Le moindre visuel, wording d'annonce doit être validé par les ayants droit. Quand l'invitation est associée à un festival ou un salon, il faut de surcroît s'aligner avec l'agenda de ce dernier. Chaque phrase est travaillée une bonne dizaine de fois avant de trouver l'accroche la plus percutante. Même l'heure de l'annonce n'est pas laissée au hasard.

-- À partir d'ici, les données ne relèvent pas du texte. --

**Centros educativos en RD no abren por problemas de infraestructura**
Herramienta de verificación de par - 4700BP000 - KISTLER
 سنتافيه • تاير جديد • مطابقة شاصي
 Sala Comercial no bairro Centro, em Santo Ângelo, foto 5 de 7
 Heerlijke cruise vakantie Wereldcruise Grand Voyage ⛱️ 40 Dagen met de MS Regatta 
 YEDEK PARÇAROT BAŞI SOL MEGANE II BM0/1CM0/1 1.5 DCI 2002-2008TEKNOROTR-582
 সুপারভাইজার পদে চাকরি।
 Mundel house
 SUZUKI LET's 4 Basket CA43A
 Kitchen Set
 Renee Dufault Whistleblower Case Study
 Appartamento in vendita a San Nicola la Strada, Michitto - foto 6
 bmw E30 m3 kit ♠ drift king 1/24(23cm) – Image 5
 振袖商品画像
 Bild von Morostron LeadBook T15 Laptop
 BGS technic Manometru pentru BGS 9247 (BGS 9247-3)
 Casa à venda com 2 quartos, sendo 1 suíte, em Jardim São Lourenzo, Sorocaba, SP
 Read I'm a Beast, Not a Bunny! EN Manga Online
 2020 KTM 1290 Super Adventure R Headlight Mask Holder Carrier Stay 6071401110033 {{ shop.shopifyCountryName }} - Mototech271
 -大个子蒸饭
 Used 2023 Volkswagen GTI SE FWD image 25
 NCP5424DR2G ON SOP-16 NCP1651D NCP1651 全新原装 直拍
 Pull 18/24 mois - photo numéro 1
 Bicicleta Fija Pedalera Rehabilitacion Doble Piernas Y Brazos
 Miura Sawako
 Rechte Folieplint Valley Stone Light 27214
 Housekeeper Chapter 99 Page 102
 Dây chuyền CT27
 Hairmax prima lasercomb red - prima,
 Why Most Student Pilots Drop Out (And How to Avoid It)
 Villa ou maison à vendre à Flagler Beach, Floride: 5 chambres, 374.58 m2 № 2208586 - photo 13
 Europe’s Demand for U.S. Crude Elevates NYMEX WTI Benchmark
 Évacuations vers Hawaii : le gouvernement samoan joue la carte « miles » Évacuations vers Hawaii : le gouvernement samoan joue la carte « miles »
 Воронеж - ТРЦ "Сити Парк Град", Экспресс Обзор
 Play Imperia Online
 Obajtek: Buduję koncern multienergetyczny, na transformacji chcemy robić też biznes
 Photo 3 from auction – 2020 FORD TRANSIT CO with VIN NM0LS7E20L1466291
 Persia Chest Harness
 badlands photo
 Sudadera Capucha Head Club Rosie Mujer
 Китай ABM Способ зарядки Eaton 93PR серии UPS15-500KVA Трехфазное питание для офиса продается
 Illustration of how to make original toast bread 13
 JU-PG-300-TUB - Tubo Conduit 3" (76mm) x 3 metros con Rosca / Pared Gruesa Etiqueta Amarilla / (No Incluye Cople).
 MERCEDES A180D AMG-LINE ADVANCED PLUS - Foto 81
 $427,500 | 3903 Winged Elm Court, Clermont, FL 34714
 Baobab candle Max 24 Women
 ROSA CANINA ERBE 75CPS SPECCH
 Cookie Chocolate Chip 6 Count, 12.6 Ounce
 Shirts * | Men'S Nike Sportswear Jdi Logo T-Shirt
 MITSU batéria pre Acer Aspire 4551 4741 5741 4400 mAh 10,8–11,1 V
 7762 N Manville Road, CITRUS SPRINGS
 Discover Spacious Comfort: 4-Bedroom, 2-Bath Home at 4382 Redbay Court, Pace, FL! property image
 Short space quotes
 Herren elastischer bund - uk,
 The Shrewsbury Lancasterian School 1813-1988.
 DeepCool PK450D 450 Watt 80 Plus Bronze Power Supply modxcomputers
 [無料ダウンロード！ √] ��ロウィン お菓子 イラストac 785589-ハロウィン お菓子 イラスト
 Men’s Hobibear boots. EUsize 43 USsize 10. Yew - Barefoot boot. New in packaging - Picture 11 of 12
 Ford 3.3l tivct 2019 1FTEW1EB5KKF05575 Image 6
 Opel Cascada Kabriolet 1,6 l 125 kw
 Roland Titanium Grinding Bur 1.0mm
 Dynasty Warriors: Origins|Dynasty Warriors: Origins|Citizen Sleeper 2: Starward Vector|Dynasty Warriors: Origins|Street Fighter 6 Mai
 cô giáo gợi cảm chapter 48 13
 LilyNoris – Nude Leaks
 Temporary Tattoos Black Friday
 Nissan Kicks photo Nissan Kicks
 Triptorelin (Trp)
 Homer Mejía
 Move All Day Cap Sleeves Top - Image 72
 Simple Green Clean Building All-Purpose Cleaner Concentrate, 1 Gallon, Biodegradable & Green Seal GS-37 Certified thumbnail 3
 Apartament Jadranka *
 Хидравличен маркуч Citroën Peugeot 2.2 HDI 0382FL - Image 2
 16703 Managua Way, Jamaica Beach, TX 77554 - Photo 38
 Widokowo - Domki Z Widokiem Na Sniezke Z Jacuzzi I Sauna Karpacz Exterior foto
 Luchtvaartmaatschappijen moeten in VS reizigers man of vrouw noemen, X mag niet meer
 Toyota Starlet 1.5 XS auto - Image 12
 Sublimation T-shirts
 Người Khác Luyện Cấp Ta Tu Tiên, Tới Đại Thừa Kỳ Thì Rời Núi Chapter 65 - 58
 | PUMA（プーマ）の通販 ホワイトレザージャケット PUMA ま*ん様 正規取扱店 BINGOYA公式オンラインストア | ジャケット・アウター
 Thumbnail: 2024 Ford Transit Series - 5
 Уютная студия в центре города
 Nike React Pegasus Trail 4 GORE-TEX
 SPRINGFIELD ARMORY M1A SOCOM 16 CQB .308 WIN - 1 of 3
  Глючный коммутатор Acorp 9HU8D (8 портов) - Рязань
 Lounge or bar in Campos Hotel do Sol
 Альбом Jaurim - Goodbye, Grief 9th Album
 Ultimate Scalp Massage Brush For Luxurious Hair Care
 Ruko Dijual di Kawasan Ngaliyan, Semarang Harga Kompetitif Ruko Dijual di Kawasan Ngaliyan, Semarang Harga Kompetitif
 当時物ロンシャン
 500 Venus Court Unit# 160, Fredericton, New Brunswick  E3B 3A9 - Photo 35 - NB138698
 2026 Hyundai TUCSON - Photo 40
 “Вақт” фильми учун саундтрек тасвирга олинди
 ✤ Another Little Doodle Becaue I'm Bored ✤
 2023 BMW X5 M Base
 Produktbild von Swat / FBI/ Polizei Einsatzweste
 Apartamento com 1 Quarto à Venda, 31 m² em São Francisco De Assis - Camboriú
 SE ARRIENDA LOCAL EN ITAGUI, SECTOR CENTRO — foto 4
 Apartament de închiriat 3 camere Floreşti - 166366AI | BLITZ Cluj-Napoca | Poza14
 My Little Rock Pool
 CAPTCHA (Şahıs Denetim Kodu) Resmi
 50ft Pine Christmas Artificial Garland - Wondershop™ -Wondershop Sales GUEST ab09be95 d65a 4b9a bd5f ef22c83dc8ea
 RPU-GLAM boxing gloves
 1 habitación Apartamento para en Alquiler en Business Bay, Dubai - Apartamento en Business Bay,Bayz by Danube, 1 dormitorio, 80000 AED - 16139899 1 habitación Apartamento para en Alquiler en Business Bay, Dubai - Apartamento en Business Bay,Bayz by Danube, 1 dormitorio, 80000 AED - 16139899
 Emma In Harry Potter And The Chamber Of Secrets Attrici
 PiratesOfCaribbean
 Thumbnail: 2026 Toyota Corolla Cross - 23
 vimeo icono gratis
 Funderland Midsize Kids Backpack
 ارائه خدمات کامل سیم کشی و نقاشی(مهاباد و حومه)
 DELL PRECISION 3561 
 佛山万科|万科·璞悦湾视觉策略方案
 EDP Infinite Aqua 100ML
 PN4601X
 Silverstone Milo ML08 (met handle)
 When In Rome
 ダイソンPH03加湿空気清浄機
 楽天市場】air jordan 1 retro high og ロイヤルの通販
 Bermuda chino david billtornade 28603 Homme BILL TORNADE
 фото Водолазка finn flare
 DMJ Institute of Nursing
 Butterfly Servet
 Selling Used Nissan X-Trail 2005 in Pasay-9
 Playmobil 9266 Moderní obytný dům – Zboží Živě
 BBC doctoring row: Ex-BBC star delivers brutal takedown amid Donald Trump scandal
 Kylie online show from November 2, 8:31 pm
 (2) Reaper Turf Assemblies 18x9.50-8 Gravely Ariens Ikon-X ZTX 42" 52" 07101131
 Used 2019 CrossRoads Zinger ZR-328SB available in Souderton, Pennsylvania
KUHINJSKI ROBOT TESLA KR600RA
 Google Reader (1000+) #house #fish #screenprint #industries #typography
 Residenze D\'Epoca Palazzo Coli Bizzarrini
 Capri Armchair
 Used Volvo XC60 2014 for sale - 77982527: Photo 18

Le casse-tête des dédicaces

Si le mangaka accepte de réaliser des dédicaces se pose en premier lieu la question de la quantité et du type de dédicace. Si dans l'Hexagone les lectrices et lecteurs sont habitués aux dédicaces dessinées, au Japon la norme est la signature. Il faut expliquer cette différence culturelle aux éditeurs et mangaka japonais. "On essaye de demander une illustration inédite que l'on imprime sur ex-libris. Si cela est possible avec le planning du mangaka bien évidemment", explique Bruno Pham.

Le nombre et la durée des créneaux de dédicace ayant été négociés en amont lors de l'établissement du planning, il reste à convertir ces derniers en nombre de dédicaces. L'éditeur demande au représentant de l'ayant droit, le type de dédicace souhaité : signature, dessin ou mix des deux. Et ensuite, le temps moyen pour chaque acte, estimé par le mangaka. Un mangaka réalise dans un temps imparti plus de signatures que de dessins.

Certains mangakas arrivent avec leur tampon traditionnel, qui donne un cachet supplémentaire à la signature. "Natsumi Aida avait elle-même taillé un tampon avec un véritable dessin. Un travail d'orfèvre", se remémore Bruno Pham.

Les séances de dédicaces durent en général de 1h à 1h30 pour ne pas exténuer l'auteur. Le nombre de dédicaces est de facto limité. Chaque interaction entre le mangaka et ses fans est chronométrée, en moyenne de 3 à 5 minutes, afin d'assurer un maximum de rencontres.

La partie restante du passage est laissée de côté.